◆ Assignment ◆
All lines from the one containing "Blick vom Rotkäppchenland-Radweg" to the end of the data below are to be returned exactly, both ends included, with nothing added.

◆ Input data ◆
Content starts

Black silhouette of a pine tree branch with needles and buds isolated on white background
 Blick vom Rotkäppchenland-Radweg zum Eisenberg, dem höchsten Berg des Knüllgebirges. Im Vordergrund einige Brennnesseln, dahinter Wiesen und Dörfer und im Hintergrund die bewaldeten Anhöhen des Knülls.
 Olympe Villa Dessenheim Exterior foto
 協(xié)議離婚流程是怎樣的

Content ends

◆ The answer ◆
 Blick vom Rotkäppchenland-Radweg zum Eisenberg, dem höchsten Berg des Knüllgebirges. Im Vordergrund einige Brennnesseln, dahinter Wiesen und Dörfer und im Hintergrund die bewaldeten Anhöhen des Knülls.
 Olympe Villa Dessenheim Exterior foto
 協(xié)議離婚流程是怎樣的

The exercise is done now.